_Data extract_.
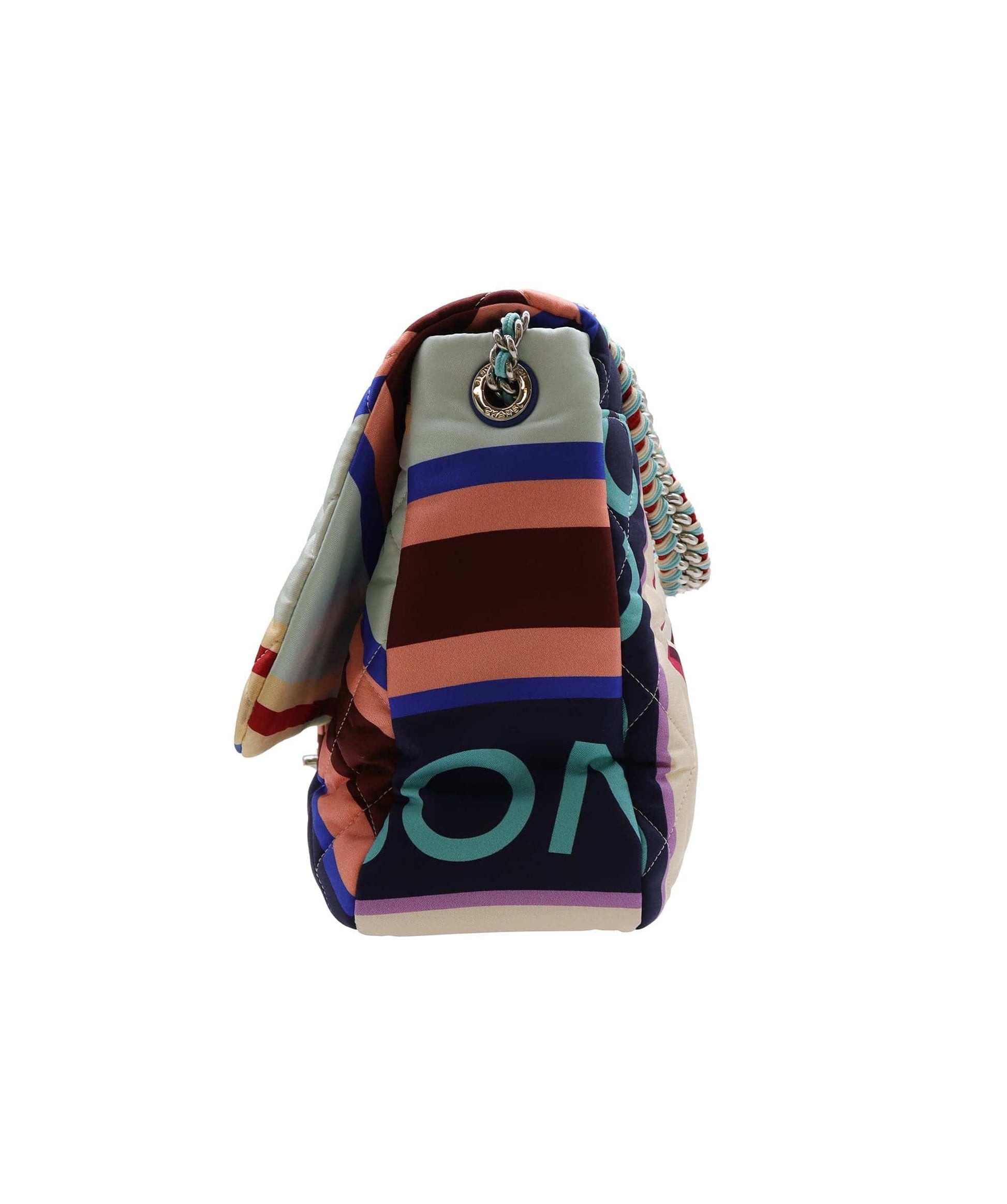 Chanel Flap Shoulder Bag - Almora Bags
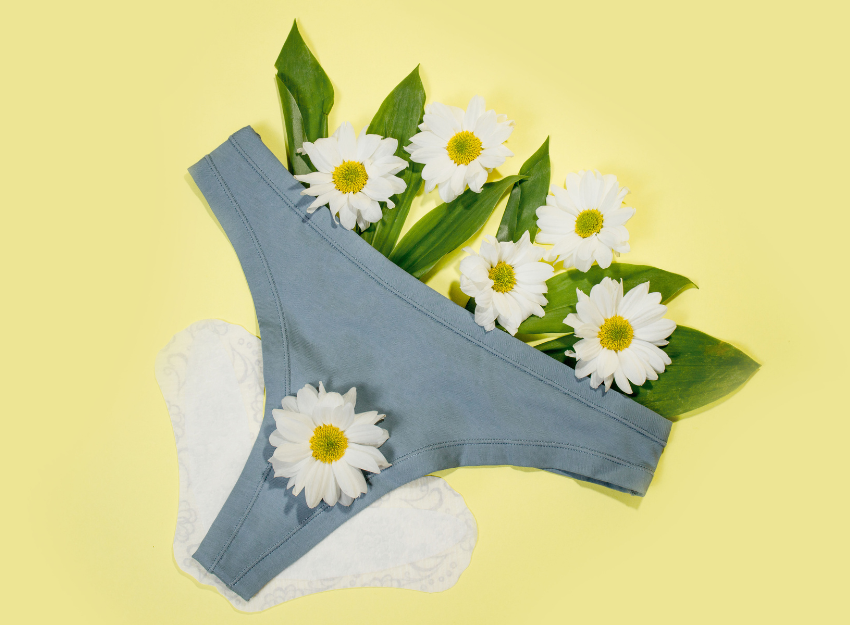 Artigo de Blog Higiene Intima Farmácias Correia Rosa Caldas da Rainha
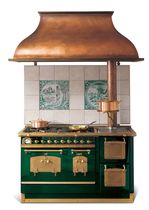 wall mounted chimney extractor hood CPR008 RESTART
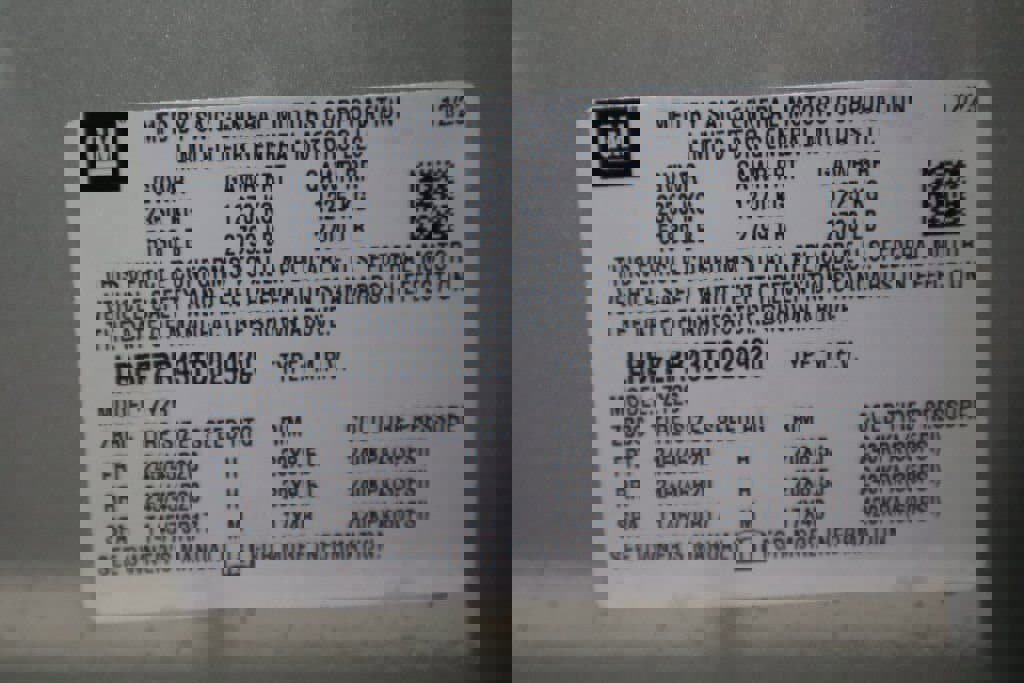 New 2026 Buick Envision Sport Touring image 27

_Work instructions_. Repeat all the material exactly, but keep pictures out of the copy.

_Output of the task_.
 Chanel Flap Shoulder Bag - Almora Bags
 Artigo de Blog Higiene Intima Farmácias Correia Rosa Caldas da Rainha
 wall mounted chimney extractor hood CPR008 RESTART
 New 2026 Buick Envision Sport Touring image 27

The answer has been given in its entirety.